* Your assignment
Copy each line below word for word and drop every image.

=== Information supplied ===

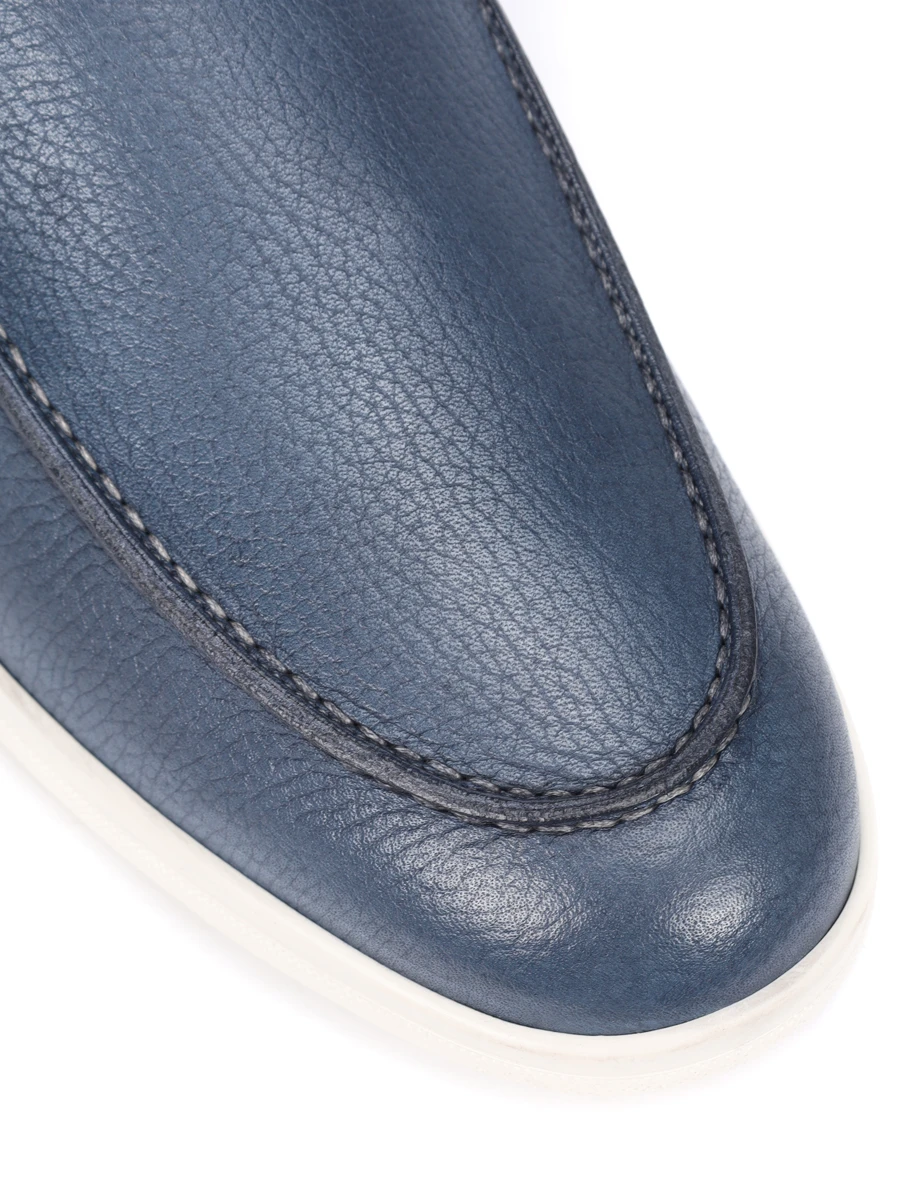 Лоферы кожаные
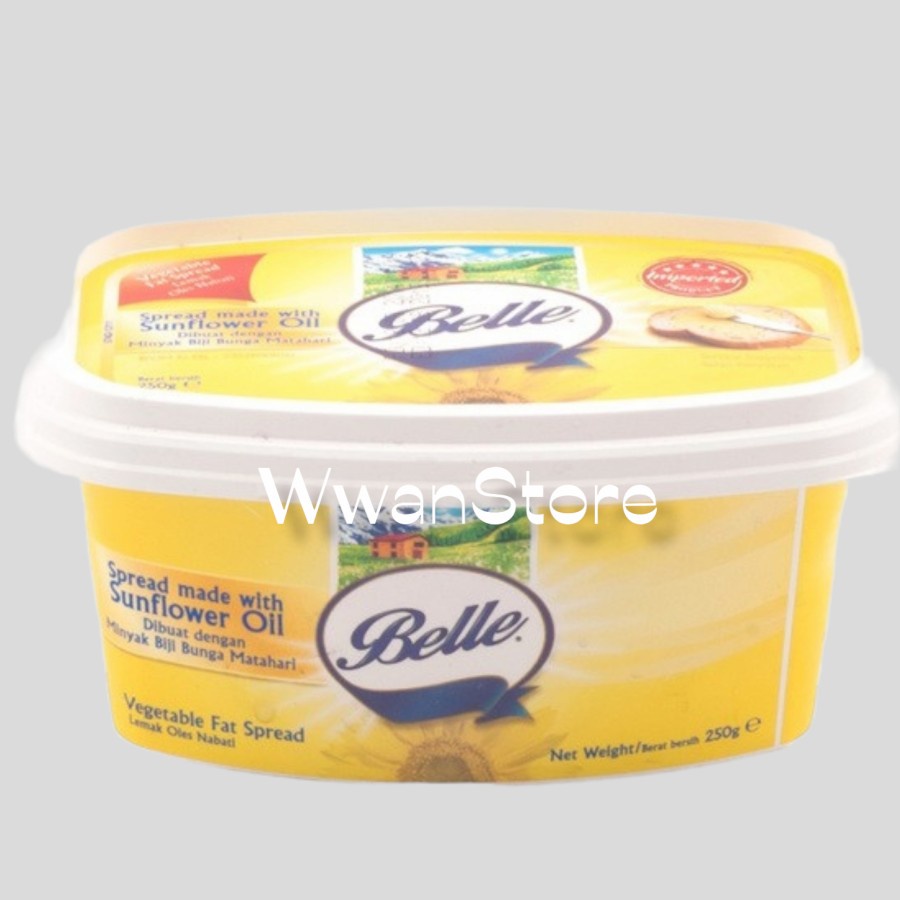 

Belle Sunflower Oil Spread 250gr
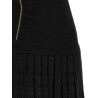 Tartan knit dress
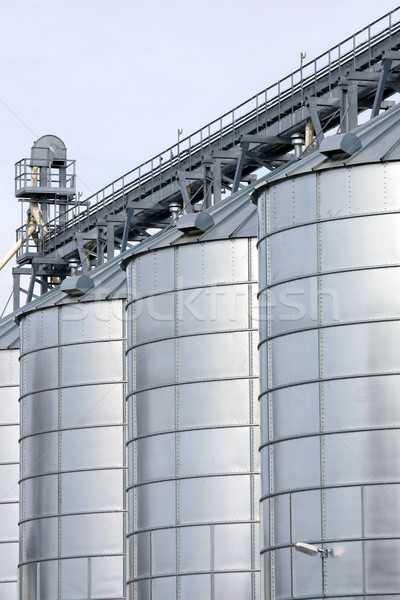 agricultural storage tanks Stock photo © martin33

===

* Output for this exercise
 Лоферы кожаные

Belle Sunflower Oil Spread 250gr
 Tartan knit dress
 agricultural storage tanks Stock photo © martin33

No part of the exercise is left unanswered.